While a multi-national search for the missing Malaysian Airlines flight MH370 continues, the Malaysia Airports Holdings Bhd. placed an advertisement Monday in the nation’s best-selling English daily asking for the “untraceable” owner of three Boeing Co. 747-200F planes to come and collect them. The planes are parked at three separate bays at KLIA in Sepang, outside the Malaysian capital, the Star newspaper ad showed.
“If you fail to collect the aircraft within 14 days of the date of this notice, we reserve the right to sell or otherwise dispose of the aircraft pursuant to the Civil Aviation Regulations 1996 and use the money raised to set off any expenses and debt due to us under the said regulations,” the notice read.
Out of production since 1991, even the youngest models from the -200F line would fetch only pennies on the dollar. A freighter from that year has a market value of about $13.1 million — and a 1978 version would be worth only about 1/10th that sum, according to prices compiled by aviation consultant Avitas.

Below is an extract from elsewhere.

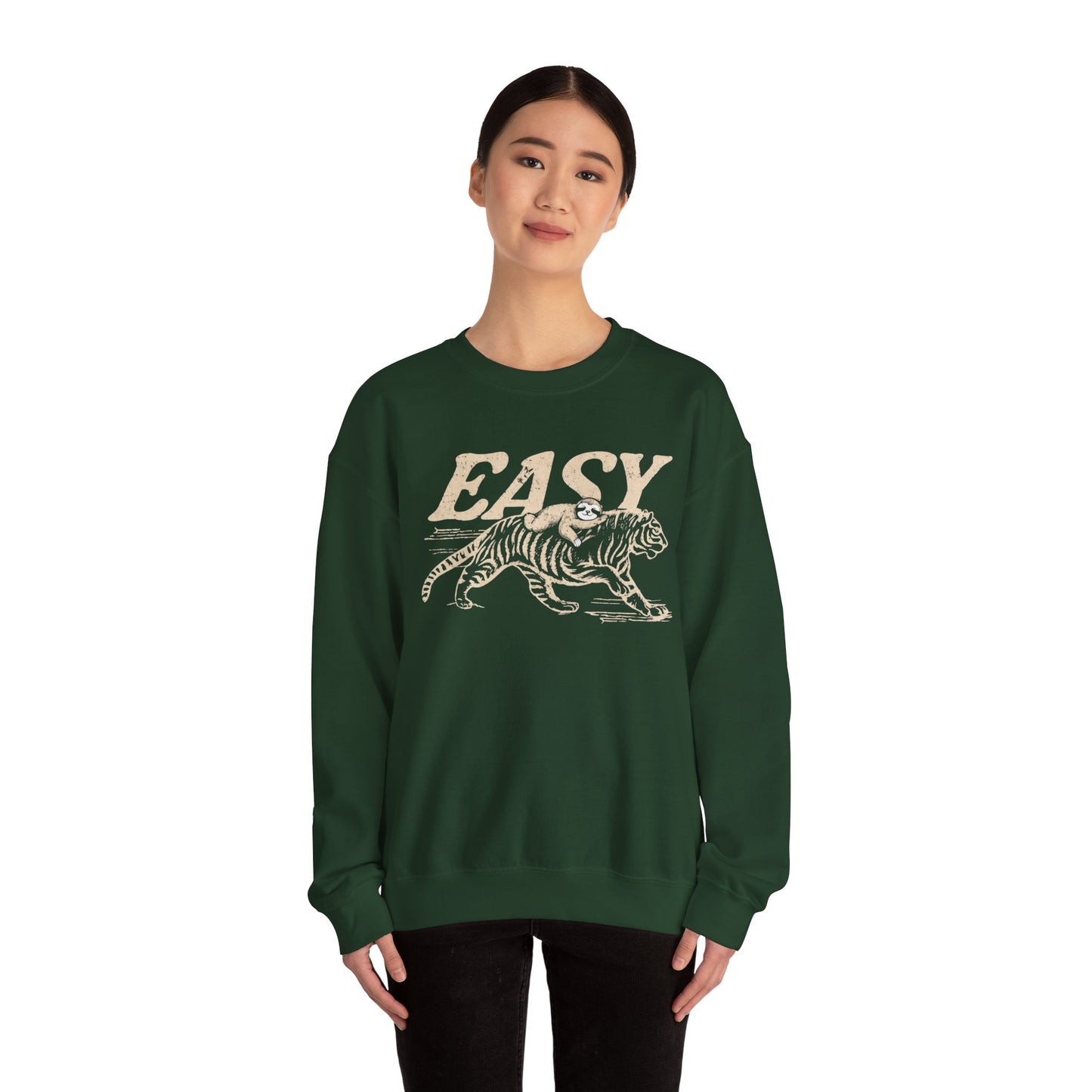 Easy Tiger with Sloth Sweatshirt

That’s a reflection of the planes’ age as well as dwindling demand for four-engine jets and a slumping air-cargo market. A factory-fresh 747-8 freighter retails for $379.1 million before the discounts that are customary in the aerospace industry.

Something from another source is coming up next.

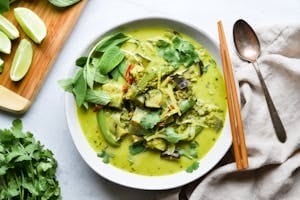 Green Curry  (Vegetarian Fav).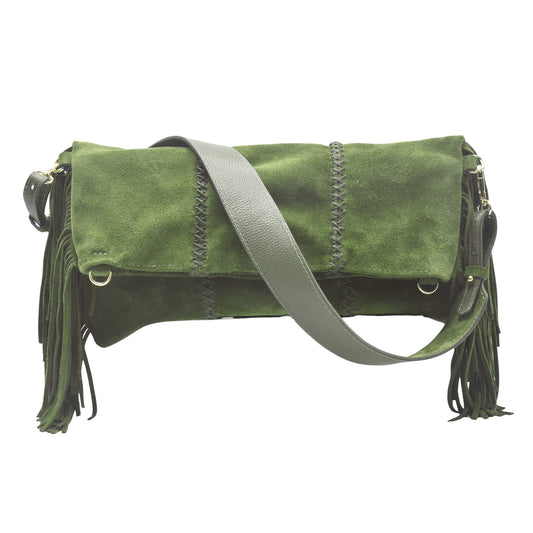 Large Fringe Crossbody Messenger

The three jumbos have been sitting on the KLIA tarmac for more than a year, said Zainol Mohd. Isa, the contact person listed in the ad. He declined to say how much in parking fees and other charges were owed to the air terminal.

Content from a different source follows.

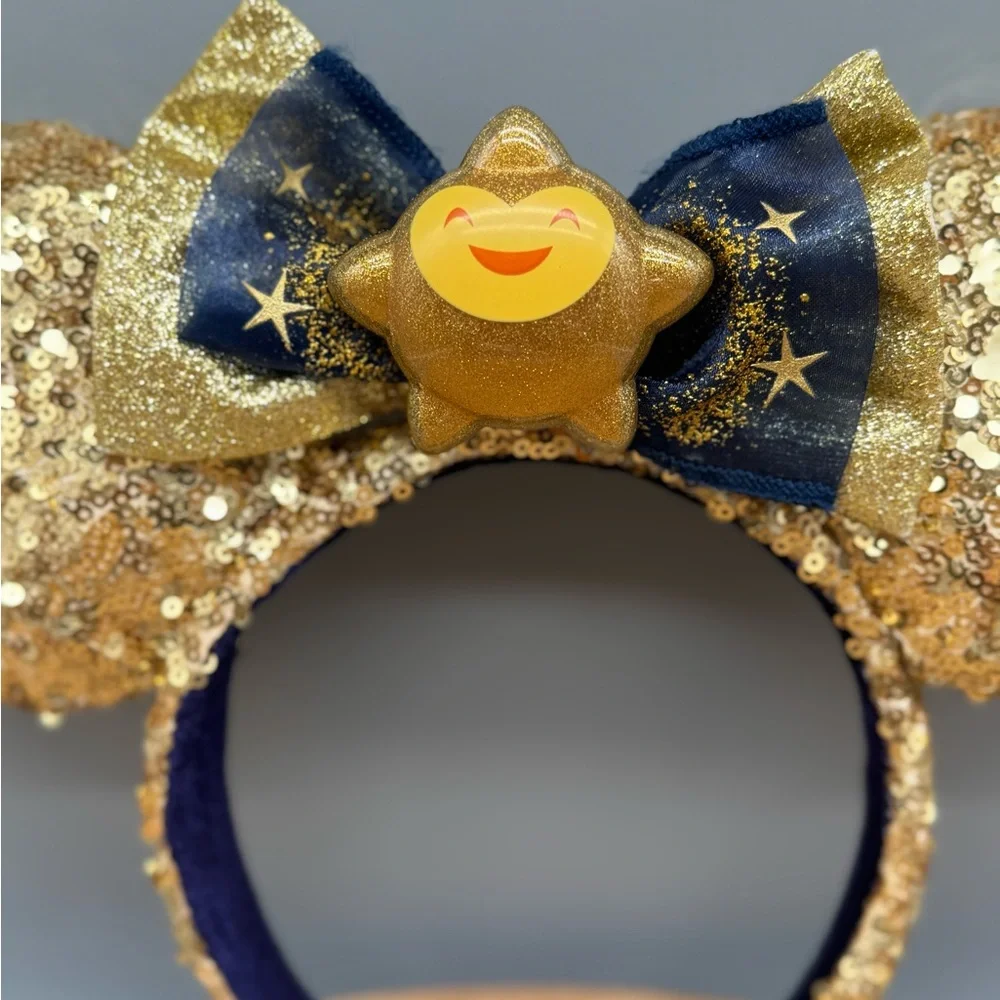 Disney‎ Parks Wish Star Film Sequined Minnie Ear Headband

“We have been in communication with the so-called owner, but they have not been responding to take away the aircraft. That’s why we go through this process to legalize whatever actions we want to take,” Zainol said by phone Tuesday. “We want to clear the area, we want to utilize our parking bay.”
Boeing didn’t reply to e-mails seeking comment. Giving notice by ads is a “common and reasonable step” in the debt- recovery process, Malaysia Airports said in a statement on its website Tuesday.
That’s especially true when the plane owner is a foreign company that’s no longer operating and “exhaustive steps undertaken to find a contact person have not been successful,” Malaysia Airports said. “This step is also a common process undertaken by airport operators all over the world when faced with such a situation.”
At least one of the jets was operated by the cargo unit of Malaysia Airlines, which leased the plane from Air Atlanta Icelandic, a Kopavogur, Iceland-based lessor providing planes along with crew, maintenance and insurance services, according to Planespotters.net. Air Atlanta Icelandic didn’t reply to an e-mail seeking comment.
Some of these aircraft from Air Atlanta Icelandic were on wet lease to MASkargo, but the contract expired in April 2010, MASkargo said in an e-mail Tuesday.
“We have no further involvement with those aircraft since then,” MASkargo said.